# What HEQ and non HEQ movements look like



## M4tt (Jan 18, 2007)

I thought it might be a good idea to have a thread of photographs of HEQ movements, non HEQ movements and uncertain movements.

I'm sure this will help to facilitate the discussion.

Don't be ashamed to use movement photos that you have used before but do explain why you thing that they are what they are.

I will kick off with an undoubted HEQ: the classic Seiko 8J56










Accurate to ten seconds a year or better, the thermocompensated 8J56 has an all metal gilded body and six jewels. Found primarily in the 'Grand Seiko' range of watches the 8J laid a real challenge to the Swiss hegemony of high end horology. Retired in favour of the startlingly good 9F series movements the 8J remains a classic ebauche.


----------



## Bruce Reding (May 5, 2005)

Thanks, Matt. That'd be a good on for the "notable movements/watces" sticky. How did they achieve the performance is this one?
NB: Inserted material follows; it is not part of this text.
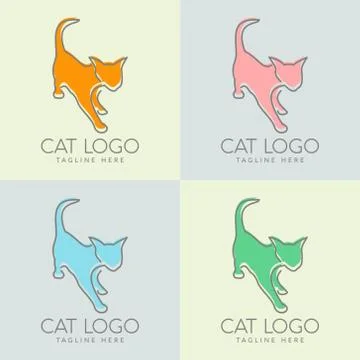 Simple cat logo design. pastel color boutique logo Illustrazione stock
Is it a dual crystal?


----------



## rex (Feb 12, 2006)

Here's mine. Pic courtesy of Roba. 
Had my watchmaker change the battery a few weeks ago and of all things, I FORGOT to bring my camera! Anyway, it sure looks prettier in the flesh! My watchmaker (in his early 30's) said it was the first time he laid his eyes upon a 9Fxx. He was very impressed as well!

http://www.fototime.com/%7BDABB671A-1141-408F-9346-2DC8CAA15E04%7D/picture.JPG


----------



## ppaulusz (Feb 11, 2006)

Bruce Reding said:


> ...How did they achieve the performance is this one? Is it a dual crystal?


It's single crystal. 
My guess: it has a termistor and uses a form of digital inhibition for thermocompensation.


----------



## M4tt (Jan 18, 2007)

Not all HEQ have to be large, 








or even quartz!

As this very late Bulova Accutron 2302 demonstrates.
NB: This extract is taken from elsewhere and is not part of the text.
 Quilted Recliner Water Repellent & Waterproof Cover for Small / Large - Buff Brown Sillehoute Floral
This rather rare ladies' tuning fork vibrates at a manic 480Hz, over half way to the banshee wail of the Omega 720Hz Megasonic. Despite only having a diameter of 19.4mm and a depth of 5.2mm this baby hummer sports both a date and a sweeping (at 480 steps a second) second hand. One of mine can manage around ten seconds a week on the wrist, the other *ahem* cannot.
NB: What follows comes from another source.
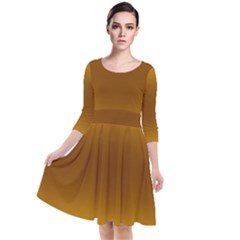 Amber Orange To Chocolate Brown Bilinear Gradient Quarter Sleeve Waist Band Dress by GradientsOmbre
A side note (pun intended) 480Hz was the concert pitch (A above middle C) used by JS Bach for tuning his organ.

C'mon guys, I'm not going to do this by myself...


----------



## M4tt (Jan 18, 2007)

On the other side of the coin there is this not so classic movement, the ISA 1198.










Retailing at a whopping $6.95 on Ofrei this testimony to Sino Swiss relations can be found in many $500+ 'fashion' watches. It's made in both China (by the *Chung Nam Group*) and also in Switzerland (same), giving it that added 'made in Switzerland' cachet.

There is an additional reason to despise this particular movement: a version of it, the 1198/42-4, is specially designed to replace the Bulova Accutron 218 movement. Thus, when you are caught out by a quartz powered 218 Frankenwatch on ebay, this is the movement that will replace the classic hummer. Frankenguts on demand; this has to be the definition of an anti HEQ movement.

As it happens I wear this movement fairly regularly as it 'powers' a Zeno homage to the Smiths W10 which I wear in situations in which I would like to wear my W10 but might damage it.

It's a stunt watch!


----------



## RogerE (Dec 7, 2007)

M4tt said:


> I thought it might be a good idea to have a thread of photographs of HEQ movements, non HEQ movements and uncertain movements.
> 
> I'm sure this will help to facilitate the discussion.
> 
> ...


Matt: Lord knows at my age I'm confused, but I thought that the 8F movement was TC, but not the 8J. Sorry to question your immensely greater data base! Roger.b-)


----------



## M4tt (Jan 18, 2007)

> I thought that the 8F movement was TC, but not the 8J. Sorry to question your immensely greater data base.


Had a quick trawl of the net and it seems that there is a fair degree of confusion out there. Either _some _8J are TC or quite a few people are likely to be unimpressed with their watches!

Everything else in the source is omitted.